3. Truth / A. Truth Problems / 3. Value of Truth
Truth was given value by morality, but eventually turned against its own source [Nietzsche]
     Full Idea: Among the forces cultivated by morality was truthfulness: this eventually turned against morality, discovered its teleology, its partial perspective.
     From: Friedrich Nietzsche (The Will to Power (notebooks) [1888], §015)
     A reaction: Just as 'duty' is said to have withered in modern times, because its religious underpinning has been lost, so this gives an account of the decline of the value of truth. It is still left to us to assert the value of truth, perhaps as the only value.
3. Truth / A. Truth Problems / 4. Uses of Truth
'Truth' is the will to be master over the multiplicity of sensations [Nietzsche]
     Full Idea: 'Truth' is the will to be master over the multiplicity of sensations.
     From: Friedrich Nietzsche (The Will to Power (notebooks) [1888], §517)
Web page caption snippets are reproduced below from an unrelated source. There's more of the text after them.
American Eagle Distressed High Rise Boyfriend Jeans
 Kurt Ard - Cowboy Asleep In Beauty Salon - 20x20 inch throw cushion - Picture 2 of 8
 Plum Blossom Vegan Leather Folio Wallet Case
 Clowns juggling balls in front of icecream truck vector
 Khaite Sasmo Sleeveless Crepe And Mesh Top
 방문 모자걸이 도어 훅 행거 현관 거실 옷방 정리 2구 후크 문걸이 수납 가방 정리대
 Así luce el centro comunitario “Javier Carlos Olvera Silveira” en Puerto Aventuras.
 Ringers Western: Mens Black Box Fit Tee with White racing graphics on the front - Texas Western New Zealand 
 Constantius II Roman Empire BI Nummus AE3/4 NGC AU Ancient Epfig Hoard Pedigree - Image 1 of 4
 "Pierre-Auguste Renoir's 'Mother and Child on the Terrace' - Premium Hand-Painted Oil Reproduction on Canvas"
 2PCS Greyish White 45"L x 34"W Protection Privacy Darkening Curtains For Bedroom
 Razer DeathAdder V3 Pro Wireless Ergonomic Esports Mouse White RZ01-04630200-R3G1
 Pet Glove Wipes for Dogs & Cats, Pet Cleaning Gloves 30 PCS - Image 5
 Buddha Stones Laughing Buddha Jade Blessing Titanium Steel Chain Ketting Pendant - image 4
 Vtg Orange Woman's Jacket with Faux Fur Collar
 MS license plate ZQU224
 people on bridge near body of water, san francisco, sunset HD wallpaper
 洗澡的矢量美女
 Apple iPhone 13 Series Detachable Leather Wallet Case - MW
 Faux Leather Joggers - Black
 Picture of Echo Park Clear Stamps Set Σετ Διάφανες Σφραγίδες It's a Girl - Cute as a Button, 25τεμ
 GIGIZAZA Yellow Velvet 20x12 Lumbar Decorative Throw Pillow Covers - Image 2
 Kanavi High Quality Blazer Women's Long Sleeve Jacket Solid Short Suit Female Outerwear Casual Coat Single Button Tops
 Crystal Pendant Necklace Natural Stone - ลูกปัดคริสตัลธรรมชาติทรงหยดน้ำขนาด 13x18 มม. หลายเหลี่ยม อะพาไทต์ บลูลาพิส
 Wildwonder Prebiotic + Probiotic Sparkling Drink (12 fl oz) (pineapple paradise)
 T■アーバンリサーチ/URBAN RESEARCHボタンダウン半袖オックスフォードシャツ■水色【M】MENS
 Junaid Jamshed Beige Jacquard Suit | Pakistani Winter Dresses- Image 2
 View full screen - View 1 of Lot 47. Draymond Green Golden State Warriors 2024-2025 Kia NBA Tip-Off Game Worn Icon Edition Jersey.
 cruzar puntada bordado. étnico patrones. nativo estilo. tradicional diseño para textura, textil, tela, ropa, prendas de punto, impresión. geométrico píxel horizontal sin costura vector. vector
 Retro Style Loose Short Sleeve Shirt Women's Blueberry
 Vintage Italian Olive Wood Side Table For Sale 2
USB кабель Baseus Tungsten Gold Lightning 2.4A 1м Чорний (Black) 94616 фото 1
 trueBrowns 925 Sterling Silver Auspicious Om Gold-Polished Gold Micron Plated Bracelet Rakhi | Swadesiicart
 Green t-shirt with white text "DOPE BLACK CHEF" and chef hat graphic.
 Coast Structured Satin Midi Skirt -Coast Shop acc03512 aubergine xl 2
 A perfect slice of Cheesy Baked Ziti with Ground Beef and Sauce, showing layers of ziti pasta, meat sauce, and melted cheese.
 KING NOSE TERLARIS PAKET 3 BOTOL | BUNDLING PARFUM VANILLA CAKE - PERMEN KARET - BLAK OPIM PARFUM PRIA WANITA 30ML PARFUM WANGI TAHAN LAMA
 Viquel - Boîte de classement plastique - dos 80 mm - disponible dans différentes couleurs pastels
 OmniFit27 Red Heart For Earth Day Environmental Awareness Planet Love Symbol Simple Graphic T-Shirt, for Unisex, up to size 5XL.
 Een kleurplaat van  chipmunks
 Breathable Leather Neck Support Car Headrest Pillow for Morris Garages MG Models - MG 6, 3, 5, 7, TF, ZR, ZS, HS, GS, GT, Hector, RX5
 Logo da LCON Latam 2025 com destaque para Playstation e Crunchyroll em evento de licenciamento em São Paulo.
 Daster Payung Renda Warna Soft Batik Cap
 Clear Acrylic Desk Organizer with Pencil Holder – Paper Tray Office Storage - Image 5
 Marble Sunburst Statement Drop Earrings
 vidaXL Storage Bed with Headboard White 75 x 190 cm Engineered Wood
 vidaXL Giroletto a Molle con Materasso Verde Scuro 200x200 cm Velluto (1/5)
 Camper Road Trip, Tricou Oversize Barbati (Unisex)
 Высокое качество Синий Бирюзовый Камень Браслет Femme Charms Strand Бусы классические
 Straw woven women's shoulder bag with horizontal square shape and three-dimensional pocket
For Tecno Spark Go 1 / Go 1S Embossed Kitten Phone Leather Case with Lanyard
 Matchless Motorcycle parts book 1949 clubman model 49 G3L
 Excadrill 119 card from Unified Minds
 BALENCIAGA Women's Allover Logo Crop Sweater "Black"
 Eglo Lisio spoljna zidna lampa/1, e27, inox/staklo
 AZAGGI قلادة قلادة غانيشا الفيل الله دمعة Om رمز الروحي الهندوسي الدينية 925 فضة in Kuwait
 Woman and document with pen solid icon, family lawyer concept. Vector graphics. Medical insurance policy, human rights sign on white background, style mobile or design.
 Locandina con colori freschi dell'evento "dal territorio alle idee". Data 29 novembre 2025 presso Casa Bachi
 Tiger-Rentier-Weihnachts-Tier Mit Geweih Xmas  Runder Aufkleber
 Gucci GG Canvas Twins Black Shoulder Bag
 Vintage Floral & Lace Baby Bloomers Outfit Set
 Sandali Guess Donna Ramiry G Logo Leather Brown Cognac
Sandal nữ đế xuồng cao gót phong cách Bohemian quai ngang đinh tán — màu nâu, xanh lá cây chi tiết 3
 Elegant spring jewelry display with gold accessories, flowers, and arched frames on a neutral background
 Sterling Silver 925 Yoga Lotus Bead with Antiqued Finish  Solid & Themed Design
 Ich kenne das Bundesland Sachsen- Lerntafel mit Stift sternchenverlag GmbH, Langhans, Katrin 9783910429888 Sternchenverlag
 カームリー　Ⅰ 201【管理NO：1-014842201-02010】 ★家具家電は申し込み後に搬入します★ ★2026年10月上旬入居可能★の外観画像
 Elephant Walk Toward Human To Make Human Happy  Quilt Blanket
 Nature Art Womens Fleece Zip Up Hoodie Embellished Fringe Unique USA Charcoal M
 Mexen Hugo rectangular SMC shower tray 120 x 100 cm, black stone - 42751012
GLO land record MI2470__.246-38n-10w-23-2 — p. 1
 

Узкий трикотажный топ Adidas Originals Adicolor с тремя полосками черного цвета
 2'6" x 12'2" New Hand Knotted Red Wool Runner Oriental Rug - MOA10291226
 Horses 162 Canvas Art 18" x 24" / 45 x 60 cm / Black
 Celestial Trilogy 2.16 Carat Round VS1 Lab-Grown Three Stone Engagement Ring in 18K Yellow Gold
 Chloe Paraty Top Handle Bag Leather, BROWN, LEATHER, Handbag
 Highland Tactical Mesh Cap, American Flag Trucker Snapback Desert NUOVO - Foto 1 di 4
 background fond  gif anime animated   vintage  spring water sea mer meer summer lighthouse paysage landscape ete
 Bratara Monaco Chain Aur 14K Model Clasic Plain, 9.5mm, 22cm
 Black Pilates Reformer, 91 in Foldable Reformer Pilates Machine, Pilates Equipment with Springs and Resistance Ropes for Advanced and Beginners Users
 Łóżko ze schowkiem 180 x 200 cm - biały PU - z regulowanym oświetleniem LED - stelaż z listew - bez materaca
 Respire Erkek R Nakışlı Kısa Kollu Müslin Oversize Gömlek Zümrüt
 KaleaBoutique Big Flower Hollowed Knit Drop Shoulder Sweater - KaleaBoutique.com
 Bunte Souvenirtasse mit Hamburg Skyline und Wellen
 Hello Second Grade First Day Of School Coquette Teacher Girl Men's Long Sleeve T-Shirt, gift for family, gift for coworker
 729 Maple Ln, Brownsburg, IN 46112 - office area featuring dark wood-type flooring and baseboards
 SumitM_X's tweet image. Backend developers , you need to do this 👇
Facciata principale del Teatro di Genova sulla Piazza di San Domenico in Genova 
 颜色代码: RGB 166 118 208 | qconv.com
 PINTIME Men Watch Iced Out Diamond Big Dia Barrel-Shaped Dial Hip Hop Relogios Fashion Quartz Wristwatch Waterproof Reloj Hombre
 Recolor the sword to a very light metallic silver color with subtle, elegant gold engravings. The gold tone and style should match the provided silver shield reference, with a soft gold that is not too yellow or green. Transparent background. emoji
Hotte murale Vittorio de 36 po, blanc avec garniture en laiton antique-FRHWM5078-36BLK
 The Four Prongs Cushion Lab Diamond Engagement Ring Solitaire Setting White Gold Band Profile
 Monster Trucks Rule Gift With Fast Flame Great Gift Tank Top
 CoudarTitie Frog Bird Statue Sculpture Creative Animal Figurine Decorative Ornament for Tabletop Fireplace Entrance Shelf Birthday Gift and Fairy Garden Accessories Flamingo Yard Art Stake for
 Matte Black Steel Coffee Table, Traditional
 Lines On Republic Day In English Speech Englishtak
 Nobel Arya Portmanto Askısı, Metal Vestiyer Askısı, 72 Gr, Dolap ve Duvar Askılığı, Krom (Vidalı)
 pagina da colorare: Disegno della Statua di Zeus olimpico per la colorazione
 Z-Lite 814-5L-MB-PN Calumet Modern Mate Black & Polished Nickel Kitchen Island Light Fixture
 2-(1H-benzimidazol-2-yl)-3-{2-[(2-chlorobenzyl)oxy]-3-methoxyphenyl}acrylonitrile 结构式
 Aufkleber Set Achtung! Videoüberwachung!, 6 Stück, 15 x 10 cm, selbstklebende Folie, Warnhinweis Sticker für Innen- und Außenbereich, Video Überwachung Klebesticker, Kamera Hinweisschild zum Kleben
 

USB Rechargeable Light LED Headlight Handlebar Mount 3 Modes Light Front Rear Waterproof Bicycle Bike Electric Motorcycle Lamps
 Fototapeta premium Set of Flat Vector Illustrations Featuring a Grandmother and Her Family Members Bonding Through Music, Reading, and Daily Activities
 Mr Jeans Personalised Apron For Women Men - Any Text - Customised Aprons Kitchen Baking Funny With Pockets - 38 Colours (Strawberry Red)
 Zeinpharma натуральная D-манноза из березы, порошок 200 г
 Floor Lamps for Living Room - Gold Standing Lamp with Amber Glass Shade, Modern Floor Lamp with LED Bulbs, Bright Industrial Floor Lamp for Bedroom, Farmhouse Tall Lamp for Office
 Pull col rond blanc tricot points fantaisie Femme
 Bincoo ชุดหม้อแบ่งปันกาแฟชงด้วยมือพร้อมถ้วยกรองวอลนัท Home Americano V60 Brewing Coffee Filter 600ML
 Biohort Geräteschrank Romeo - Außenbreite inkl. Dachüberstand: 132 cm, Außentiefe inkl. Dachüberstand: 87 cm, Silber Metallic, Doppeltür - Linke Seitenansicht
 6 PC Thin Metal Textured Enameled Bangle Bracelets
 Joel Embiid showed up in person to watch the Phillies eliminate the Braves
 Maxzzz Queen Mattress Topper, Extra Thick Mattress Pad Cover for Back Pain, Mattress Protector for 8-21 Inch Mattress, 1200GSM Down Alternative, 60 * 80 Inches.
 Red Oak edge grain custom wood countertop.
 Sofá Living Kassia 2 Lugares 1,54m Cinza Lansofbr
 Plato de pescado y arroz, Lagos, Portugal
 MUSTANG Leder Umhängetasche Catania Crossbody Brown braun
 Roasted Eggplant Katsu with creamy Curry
     A reaction: I suspect that this is a nice explanation of why we value truth, but says nothing at all about what truth actually is. I can't think of a better explanation of why we value truth.
3. Truth / A. Truth Problems / 7. Falsehood
Only because there is thought is there untruth [Nietzsche]
     Full Idea: Only because there is thought is there untruth.
     From: Friedrich Nietzsche (The Will to Power (notebooks) [1888], §574)
     A reaction: A nicely oblique place to start in one's study of truth. Untruth is a very human contribution to the world, making virtually no sense of animal thought. Meta-thought seems to be required.
3. Truth / A. Truth Problems / 8. Subjective Truth
True beliefs are those which augment one's power [Nietzsche, by Scruton]
     Full Idea: For Nietzsche, the true belief is the one which augments one's power.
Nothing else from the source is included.